■ WHAT IS REQUIRED ■
Give the records back exactly as written, but without the images.

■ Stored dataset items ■
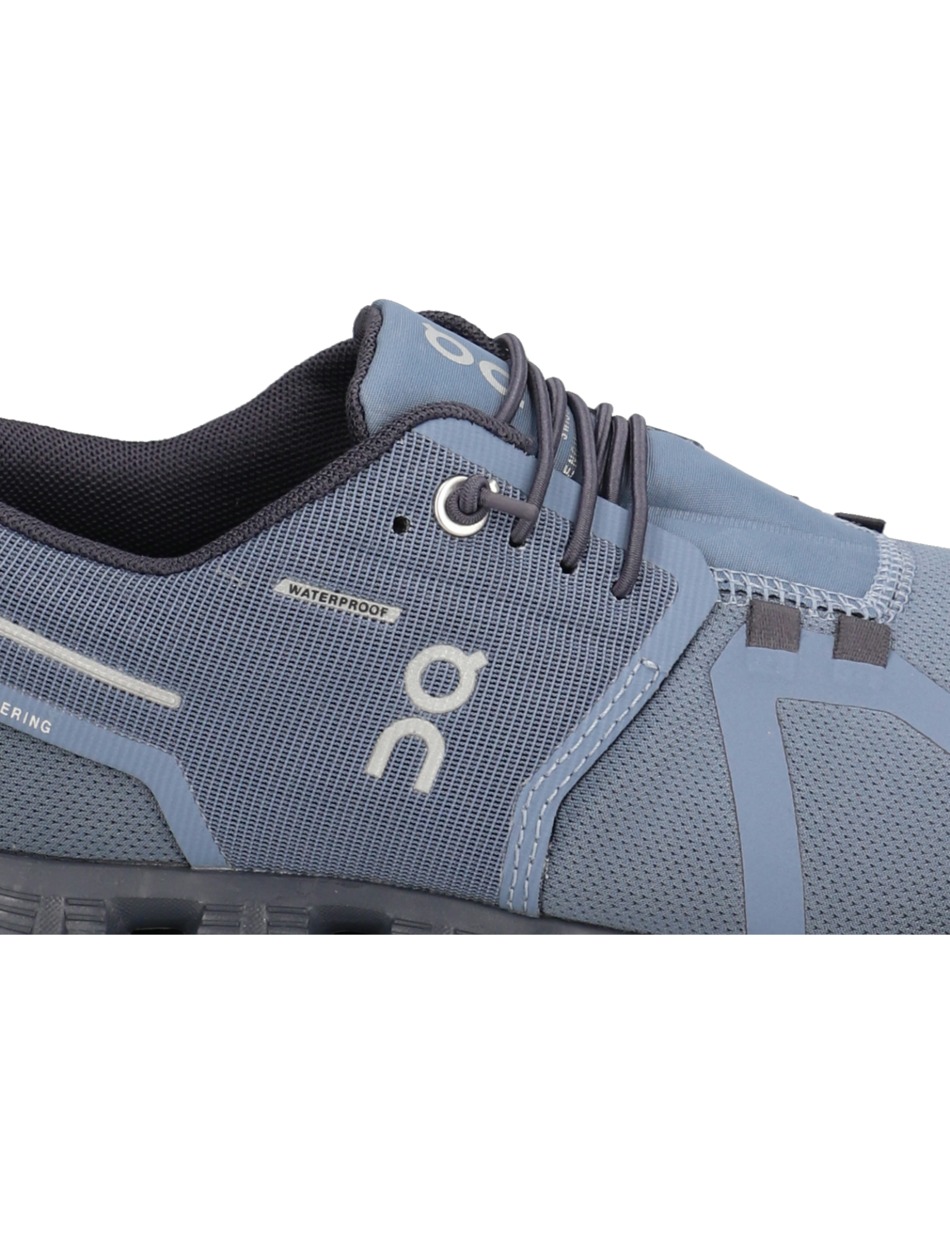 Cloud 5 Waterproof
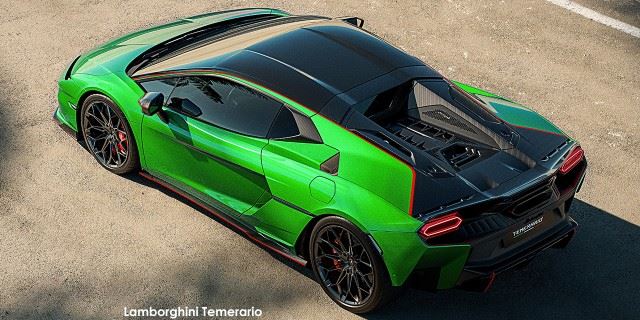 Lamborghini Temerario Temerario Lamborghini-Temerario-654513-2024.jpg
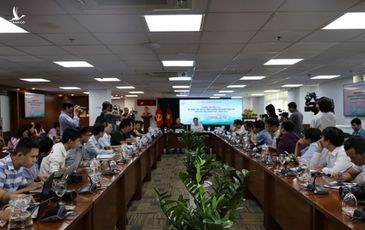 TPHCM: Người phát ngôn  của sở, ngành cho số điện thoại rồi “bặt vô âm tín”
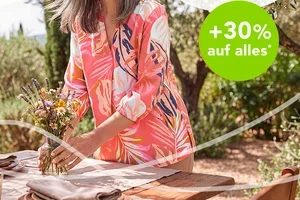 ⏰ Bis -70 % im Sale sparen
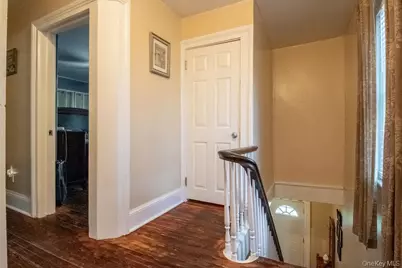 48 Market Street, Ellenville, NY 12428 - Photo 38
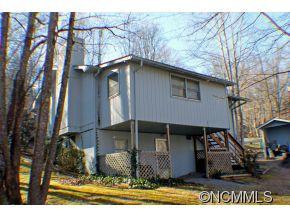 64 Blue Jay Loop - Photo 3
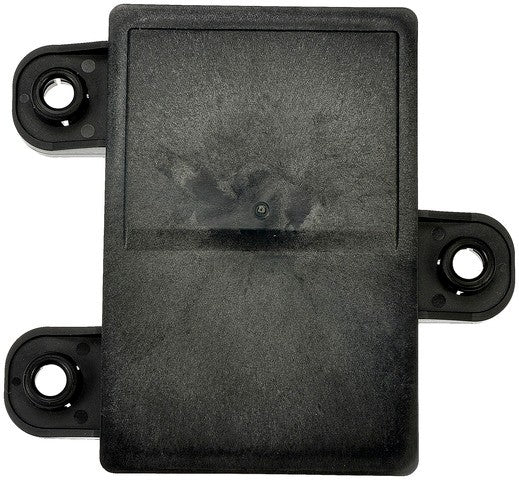 Dorman - OE Solutions Sensor de Distancia de Control de Crucero P/N:601-741 Fits: Ford Ranger 20-19, Lincoln Nautilus 2019 - Image 2
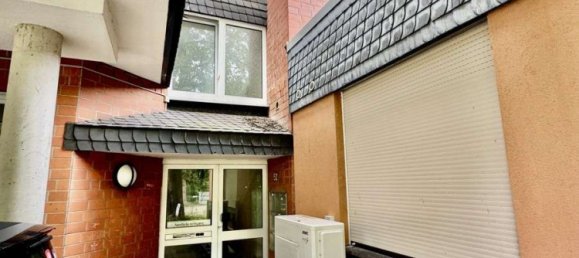 Gebäude in Ennepe-Ruhr, Germany 547m², Nr. 167685 41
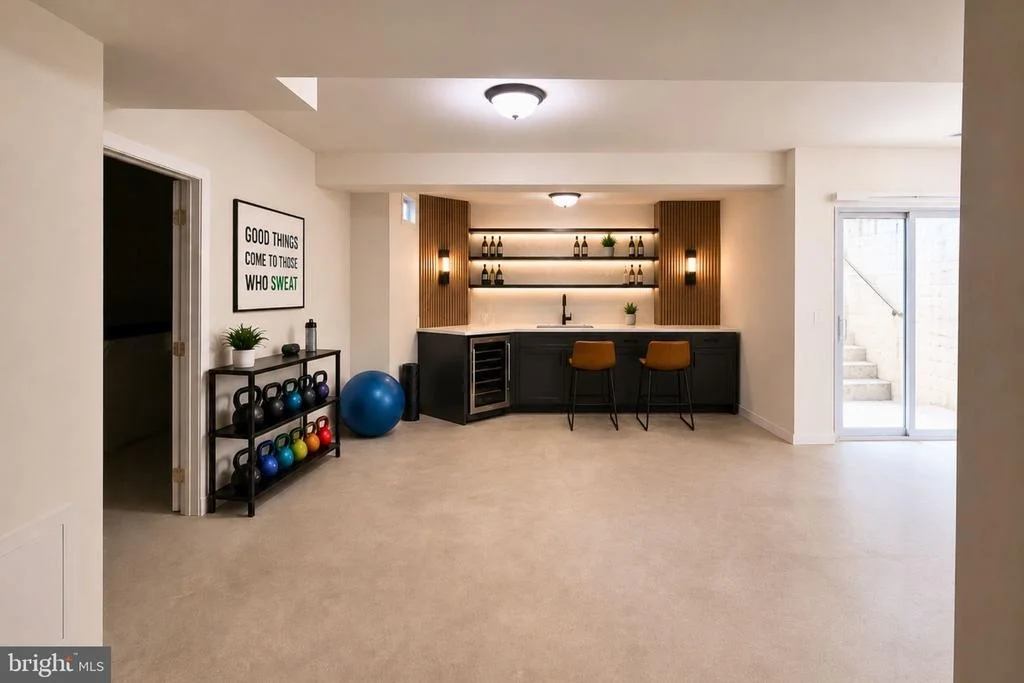 Photo of 9604 LORMAR LANE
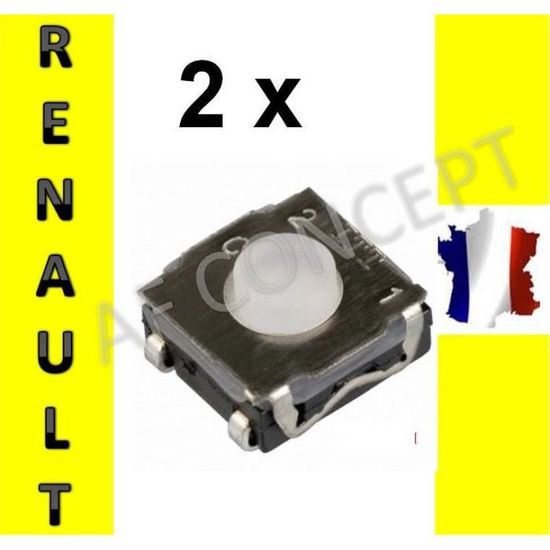 50 Sacchetti Juta Con Tirante | Per Bomboniere, Confetti, Regali | Matrimoni, Feste, Natale | Bianco 7x9 Cm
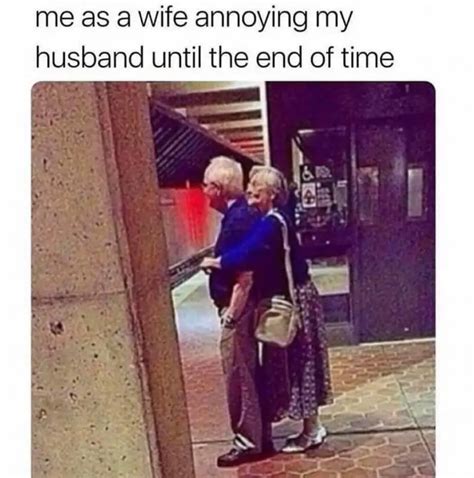 70 Funny Relationship Memes That Will Make You Laugh Out Loud Cloud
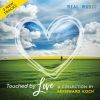 Download track Touched By Love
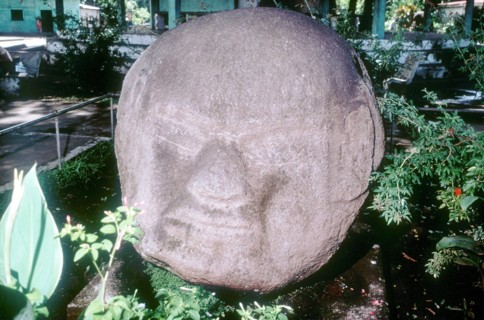 Guatemala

■ ANSWER BOX ■
 Cloud 5 Waterproof
 Lamborghini Temerario Temerario Lamborghini-Temerario-654513-2024.jpg
 TPHCM: Người phát ngôn  của sở, ngành cho số điện thoại rồi “bặt vô âm tín”
 ⏰ Bis -70 % im Sale sparen
 48 Market Street, Ellenville, NY 12428 - Photo 38
 64 Blue Jay Loop - Photo 3
 Dorman - OE Solutions Sensor de Distancia de Control de Crucero P/N:601-741 Fits: Ford Ranger 20-19, Lincoln Nautilus 2019 - Image 2
 Gebäude in Ennepe-Ruhr, Germany 547m², Nr. 167685 41
 Photo of 9604 LORMAR LANE
 50 Sacchetti Juta Con Tirante | Per Bomboniere, Confetti, Regali | Matrimoni, Feste, Natale | Bianco 7x9 Cm
 70 Funny Relationship Memes That Will Make You Laugh Out Loud Cloud
 Download track Touched By Love
 Guatemala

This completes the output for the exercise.